Task to complete
Output only the lines below that start at the line containing "WYSIWYG Montipora Superman 11A4" and end at the line containing "Free download natural", with both ends kept.

##### Exercise data #####

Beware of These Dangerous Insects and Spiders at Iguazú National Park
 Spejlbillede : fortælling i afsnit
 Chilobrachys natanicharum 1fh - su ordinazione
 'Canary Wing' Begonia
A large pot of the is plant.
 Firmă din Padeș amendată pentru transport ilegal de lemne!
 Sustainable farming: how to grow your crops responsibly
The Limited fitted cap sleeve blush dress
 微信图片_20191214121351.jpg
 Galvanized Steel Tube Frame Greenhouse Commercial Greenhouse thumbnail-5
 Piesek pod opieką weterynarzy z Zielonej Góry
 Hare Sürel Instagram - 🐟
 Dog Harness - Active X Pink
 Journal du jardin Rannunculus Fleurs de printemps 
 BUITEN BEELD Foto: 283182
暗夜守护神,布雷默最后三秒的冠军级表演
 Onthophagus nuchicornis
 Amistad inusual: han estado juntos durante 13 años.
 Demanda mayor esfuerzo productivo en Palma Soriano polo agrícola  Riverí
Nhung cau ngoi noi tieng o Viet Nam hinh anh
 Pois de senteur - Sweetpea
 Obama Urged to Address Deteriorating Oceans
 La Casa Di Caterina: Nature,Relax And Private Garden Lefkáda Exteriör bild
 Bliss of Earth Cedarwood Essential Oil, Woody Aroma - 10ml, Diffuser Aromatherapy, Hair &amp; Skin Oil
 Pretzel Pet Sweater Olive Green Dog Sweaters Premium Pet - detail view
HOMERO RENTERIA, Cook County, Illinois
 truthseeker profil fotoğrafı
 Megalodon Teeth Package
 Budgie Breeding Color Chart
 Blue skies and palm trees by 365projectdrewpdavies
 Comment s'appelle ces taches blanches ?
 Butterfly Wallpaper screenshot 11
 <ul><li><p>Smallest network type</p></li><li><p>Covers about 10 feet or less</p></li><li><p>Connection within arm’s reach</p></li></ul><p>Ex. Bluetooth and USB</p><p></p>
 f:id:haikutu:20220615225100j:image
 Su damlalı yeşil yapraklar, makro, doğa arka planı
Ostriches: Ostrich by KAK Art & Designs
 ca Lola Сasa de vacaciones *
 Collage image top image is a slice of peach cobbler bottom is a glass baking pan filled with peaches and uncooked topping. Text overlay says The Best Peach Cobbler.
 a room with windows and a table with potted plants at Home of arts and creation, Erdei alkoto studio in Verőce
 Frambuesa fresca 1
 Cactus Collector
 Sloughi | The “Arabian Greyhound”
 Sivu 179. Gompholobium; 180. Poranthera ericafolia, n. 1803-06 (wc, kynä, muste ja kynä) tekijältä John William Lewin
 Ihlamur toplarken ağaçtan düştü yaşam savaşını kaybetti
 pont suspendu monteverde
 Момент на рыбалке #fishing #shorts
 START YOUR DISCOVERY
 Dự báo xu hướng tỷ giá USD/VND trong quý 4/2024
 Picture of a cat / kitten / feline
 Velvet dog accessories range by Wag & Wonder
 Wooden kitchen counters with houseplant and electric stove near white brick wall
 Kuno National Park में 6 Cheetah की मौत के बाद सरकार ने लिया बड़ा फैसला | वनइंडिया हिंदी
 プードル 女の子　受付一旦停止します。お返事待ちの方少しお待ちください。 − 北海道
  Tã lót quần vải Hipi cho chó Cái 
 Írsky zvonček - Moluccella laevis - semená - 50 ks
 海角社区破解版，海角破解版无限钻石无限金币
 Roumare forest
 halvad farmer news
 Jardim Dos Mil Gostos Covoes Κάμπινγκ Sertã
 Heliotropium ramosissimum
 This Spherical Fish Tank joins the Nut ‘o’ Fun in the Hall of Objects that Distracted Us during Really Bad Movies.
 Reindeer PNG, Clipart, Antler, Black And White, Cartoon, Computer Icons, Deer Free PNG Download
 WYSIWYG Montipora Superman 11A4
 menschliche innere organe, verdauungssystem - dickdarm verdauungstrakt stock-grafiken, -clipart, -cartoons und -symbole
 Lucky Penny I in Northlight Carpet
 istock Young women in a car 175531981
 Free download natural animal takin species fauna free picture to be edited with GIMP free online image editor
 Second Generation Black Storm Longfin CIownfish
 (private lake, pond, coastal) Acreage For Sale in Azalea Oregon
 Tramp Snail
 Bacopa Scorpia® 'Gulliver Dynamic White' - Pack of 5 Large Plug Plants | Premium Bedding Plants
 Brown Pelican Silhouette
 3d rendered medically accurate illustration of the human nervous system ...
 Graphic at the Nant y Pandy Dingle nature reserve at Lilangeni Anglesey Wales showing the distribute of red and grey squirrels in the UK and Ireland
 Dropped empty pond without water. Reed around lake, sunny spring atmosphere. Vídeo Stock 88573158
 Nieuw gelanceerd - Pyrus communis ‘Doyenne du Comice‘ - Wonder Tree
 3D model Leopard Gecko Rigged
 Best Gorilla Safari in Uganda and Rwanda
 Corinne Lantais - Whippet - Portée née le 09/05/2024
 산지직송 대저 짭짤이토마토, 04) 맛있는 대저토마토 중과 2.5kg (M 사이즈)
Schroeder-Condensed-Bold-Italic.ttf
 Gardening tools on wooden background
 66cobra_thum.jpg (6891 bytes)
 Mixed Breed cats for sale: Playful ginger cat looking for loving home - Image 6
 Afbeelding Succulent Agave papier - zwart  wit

#####

Answer box
 WYSIWYG Montipora Superman 11A4
 menschliche innere organe, verdauungssystem - dickdarm verdauungstrakt stock-grafiken, -clipart, -cartoons und -symbole
 Lucky Penny I in Northlight Carpet
 istock Young women in a car 175531981
 Free download natural animal takin species fauna free picture to be edited with GIMP free online image editor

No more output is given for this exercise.